Öyle günler oluyor ki, "Çekip gitsem" diyor kadın. "Yeniden başlasam hayata, tazelensem, yenilensem. Otuz beş yaşına kadar ha bire didişiyorsun, ya ailenle akrabalarınla, ya arkadaşlarınla, ya sevdiğinle, ya bedeninle. Ama esas kırkından sonra başlıyor kadınlık. Kadın ancak o yaştan sonra olgunlaşıyor, kendini buluyor. Bunca zaman kocamı ve çocuklarımı kırmamak için hep alttan aldım, ama artık çocuklar büyüdü, kocam da kendine yeter. Hem kadın olmamın avantajları var. Kadınlar yalnız kalabilir. Biz kadınlar erkeklerden daha dayanıklıyız. Gidebilirim istersem. Bir gün...Belki"
Gitmek ama nereye? Mümkün olduğunca uzağa. Kendinden kaçarcasına git. Kaç hayat yaşayınca yorulur insan? Kaç seneden sonra yaşlı, kaç sevdadan sonra kalpsiz olur kişi?

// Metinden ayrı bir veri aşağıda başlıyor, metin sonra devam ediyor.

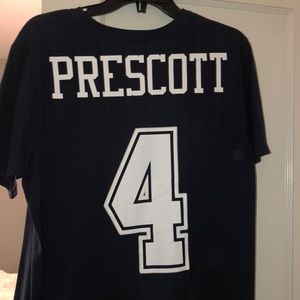 Dallas Cowboys- Dak Prescott Jersey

Ne adam göze alabiliyor çekip gitmeyi, ne kadın. Evlilikleri orda burda konuşuluyor, "En başarılı evlilikler" arasında sayılıyor. Parmakla gösteriliyorlar. Bunca senedir mutlu bir evlilik yürütmenin sırrını soranlara "karşılıklı sevgi ve saygı" diyorlar gülümseyerek. Diyemiyorlar ki "karşılıklı sevgi ve saygı ve bir de karşılıklı bir türlü çekip gidememek..." Günler günleri kovalıyor. Günler günleri aynen tekrarlıyor. Yoruluyorlar. Yaşamaktan değil, yaşayamamaktan yoruluyorlar.